Author's Notes: Thank you so much for the reviews! It means lot to me that people are reading this crackship fanfic.

Disclaimer: GRRM owns all of these characters and also my soul.

In the Lion's Den
part v

Tywin paused for a second, looking her in the eyes, and then took a sip of wine. "I cannot bring your children back," he finally said, "no one can, not the seven or the old gods your late husband followed." He set his goblet down next to hers. "Should your daughter Sansa be found, she will be pardoned, as a peace offering from me to you. My daughter seems to believe that she and Tyrion plotted Joffrey's murder, but from what I saw of the girl…"

Not her Sansa, no. The look on Catelyn's face, betraying her, seemed to convince Tywin of what he himself was already thinking. She too had heard the whispered rumors that Sansa and Tyrion Lannister had poisoned the boy king, but she knew that, no matter how far Sansa had been pushed and tortured, she would not be capable of a cold-blooded murder like Joffrey's.

Catelyn turned away from him, unable to mask the growing emotions inside of her. She didn't want him to know just how weak she felt. She imagined that a show of weakness was terribly unattractive to Tywin Lannister; and though by no means was she trying to be attractive, she couldn't bear the thought of him looking down on her or being disgusted with her in any way. She would not break in front of him. Swallowing the rock in her throat as discreetly as she could, she asked, "When will the wedding be held?"

"In three weeks."

She turned to him questioningly. "I thought it would be sooner."

"In a hurry to be a married woman again, are we?"

Catelyn stiffened. "You jest, my lord. I would sooner die a widow than marry you, but it seems as if I have naught the choice."

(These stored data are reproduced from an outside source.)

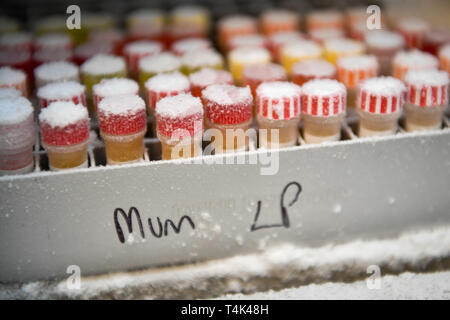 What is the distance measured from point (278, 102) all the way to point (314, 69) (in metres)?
0.13

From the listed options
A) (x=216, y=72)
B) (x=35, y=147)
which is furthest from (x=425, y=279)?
(x=35, y=147)

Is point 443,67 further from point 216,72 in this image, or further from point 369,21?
point 216,72

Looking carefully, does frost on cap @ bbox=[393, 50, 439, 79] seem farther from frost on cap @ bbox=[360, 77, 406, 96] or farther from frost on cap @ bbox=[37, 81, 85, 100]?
frost on cap @ bbox=[37, 81, 85, 100]

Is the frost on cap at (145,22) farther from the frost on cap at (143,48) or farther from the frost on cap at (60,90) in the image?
the frost on cap at (60,90)

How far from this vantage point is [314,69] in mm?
749

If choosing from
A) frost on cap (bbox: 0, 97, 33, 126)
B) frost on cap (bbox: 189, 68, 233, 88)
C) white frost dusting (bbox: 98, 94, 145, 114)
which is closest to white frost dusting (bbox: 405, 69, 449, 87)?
frost on cap (bbox: 189, 68, 233, 88)

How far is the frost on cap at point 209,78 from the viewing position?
72 centimetres

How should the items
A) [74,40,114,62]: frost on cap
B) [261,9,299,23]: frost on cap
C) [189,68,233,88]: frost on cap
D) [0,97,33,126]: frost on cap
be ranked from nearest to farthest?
1. [0,97,33,126]: frost on cap
2. [189,68,233,88]: frost on cap
3. [74,40,114,62]: frost on cap
4. [261,9,299,23]: frost on cap

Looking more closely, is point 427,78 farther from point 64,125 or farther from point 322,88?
point 64,125

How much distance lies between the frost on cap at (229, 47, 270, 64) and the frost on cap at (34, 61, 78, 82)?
0.22 m

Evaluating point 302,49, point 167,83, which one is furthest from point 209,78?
point 302,49

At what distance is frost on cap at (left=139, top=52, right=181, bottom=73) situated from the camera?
756mm

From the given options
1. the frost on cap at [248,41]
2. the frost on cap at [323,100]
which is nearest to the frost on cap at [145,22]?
the frost on cap at [248,41]

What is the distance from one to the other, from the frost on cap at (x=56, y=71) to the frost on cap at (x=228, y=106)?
0.20 metres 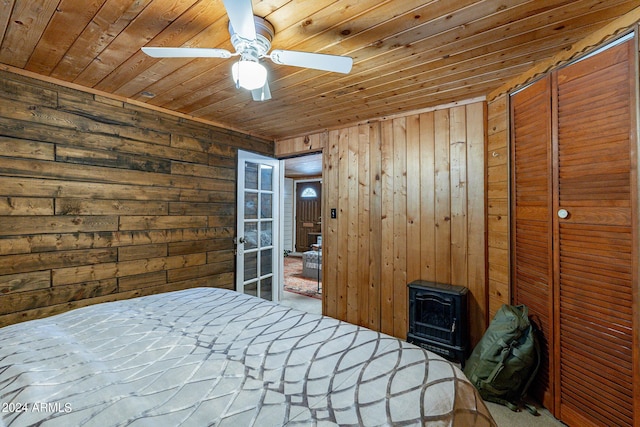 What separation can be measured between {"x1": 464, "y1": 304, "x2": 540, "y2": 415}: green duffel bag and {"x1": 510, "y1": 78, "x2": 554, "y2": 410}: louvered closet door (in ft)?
0.33

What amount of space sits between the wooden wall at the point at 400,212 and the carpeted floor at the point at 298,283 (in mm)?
1351

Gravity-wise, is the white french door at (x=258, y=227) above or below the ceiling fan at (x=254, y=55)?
below

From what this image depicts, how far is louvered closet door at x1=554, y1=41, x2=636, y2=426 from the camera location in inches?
58.2

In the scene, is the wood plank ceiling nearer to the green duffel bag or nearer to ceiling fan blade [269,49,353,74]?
ceiling fan blade [269,49,353,74]

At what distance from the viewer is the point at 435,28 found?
1580 mm

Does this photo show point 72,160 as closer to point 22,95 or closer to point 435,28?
point 22,95

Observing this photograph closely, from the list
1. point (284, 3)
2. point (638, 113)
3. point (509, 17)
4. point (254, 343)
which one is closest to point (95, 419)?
point (254, 343)

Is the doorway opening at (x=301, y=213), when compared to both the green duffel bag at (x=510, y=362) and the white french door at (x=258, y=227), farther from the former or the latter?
the green duffel bag at (x=510, y=362)

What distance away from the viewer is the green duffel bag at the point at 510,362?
193 centimetres

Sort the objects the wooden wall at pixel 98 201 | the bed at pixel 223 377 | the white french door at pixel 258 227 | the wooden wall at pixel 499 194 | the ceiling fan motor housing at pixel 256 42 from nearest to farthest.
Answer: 1. the bed at pixel 223 377
2. the ceiling fan motor housing at pixel 256 42
3. the wooden wall at pixel 98 201
4. the wooden wall at pixel 499 194
5. the white french door at pixel 258 227

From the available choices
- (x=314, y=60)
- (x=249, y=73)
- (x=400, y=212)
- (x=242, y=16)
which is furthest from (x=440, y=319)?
(x=242, y=16)

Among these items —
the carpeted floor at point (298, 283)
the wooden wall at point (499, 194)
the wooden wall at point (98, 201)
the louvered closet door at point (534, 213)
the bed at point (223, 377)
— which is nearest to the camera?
the bed at point (223, 377)

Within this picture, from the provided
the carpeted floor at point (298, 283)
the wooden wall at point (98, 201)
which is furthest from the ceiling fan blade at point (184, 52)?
the carpeted floor at point (298, 283)

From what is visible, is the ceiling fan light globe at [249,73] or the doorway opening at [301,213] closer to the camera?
the ceiling fan light globe at [249,73] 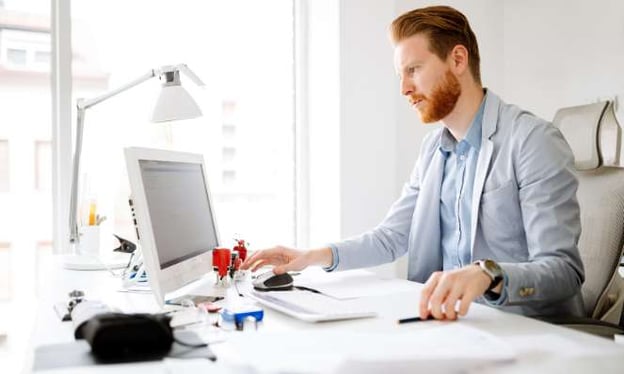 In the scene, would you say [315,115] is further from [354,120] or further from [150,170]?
[150,170]

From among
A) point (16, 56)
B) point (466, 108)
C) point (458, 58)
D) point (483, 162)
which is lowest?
point (483, 162)

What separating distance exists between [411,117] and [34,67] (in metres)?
1.66

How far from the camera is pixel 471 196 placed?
1475 mm

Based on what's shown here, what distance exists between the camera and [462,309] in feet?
3.20

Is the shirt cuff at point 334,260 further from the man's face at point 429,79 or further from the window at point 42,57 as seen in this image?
the window at point 42,57

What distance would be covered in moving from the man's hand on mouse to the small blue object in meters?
0.43

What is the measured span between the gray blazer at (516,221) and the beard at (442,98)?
0.09 meters

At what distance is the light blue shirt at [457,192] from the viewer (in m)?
1.50

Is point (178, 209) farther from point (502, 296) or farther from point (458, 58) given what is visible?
point (458, 58)

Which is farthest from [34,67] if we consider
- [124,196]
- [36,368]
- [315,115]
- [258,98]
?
[36,368]

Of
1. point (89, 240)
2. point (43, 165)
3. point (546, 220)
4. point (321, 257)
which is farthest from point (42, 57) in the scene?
point (546, 220)

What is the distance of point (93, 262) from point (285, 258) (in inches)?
25.3

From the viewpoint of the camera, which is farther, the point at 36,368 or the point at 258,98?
the point at 258,98

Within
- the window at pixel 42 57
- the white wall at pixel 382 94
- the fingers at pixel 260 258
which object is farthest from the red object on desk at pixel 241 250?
the window at pixel 42 57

Tywin allowed himself the smallest of smirks, but then turned serious again very quickly. "You need to announce the wedding, the treaty, and your forgiveness to Westeros. Before the wedding happens, people need to know why it is happening. There will be more rebellions to squash. Ravens must be sent as far as can be – to the rebellious Riverlands, the uncontrollable North, even the cold shoulder that has become the Vale." Catelyn did not want to think of the Vale, but Tywin seemed to already know what was crossing her mind. "The lack of response from your sister when your family went to war and disarray was very curious indeed."

"She was afraid."

"She is weak." Tywin looked at her in a way that made Catelyn wary; it was as if he was sizing her up, like she was the prey and he was the predator. It made her skin flush. "You are…very different, Lady Catelyn. Not a warrior in the sense that most men think of, but of the mind." That smirk quirked his lips again. "It would seem as if my daughter has been trying to be you and failing. You were not the Queen Regent for your son Robb?"

"No, he was a man grown, even at a young age. The North hardened him – as did the murder of his father."

Tywin pressed his lips together. "Your son was foolish, but he was wiser than my grandson. He needed a Regent, but my daughter knows half of what you do about politics." Catelyn was surprised at his blunt honesty, which he seemed to catch onto almost immediately. "If this marriage is to work, even if it is just a political sham, we are going to have to be honest with each other, even if it means professing hate or disdain. We may not care for or love one another, but there will be no discord between us. We're civilized people, Lady Catelyn, in a very uncivilized world."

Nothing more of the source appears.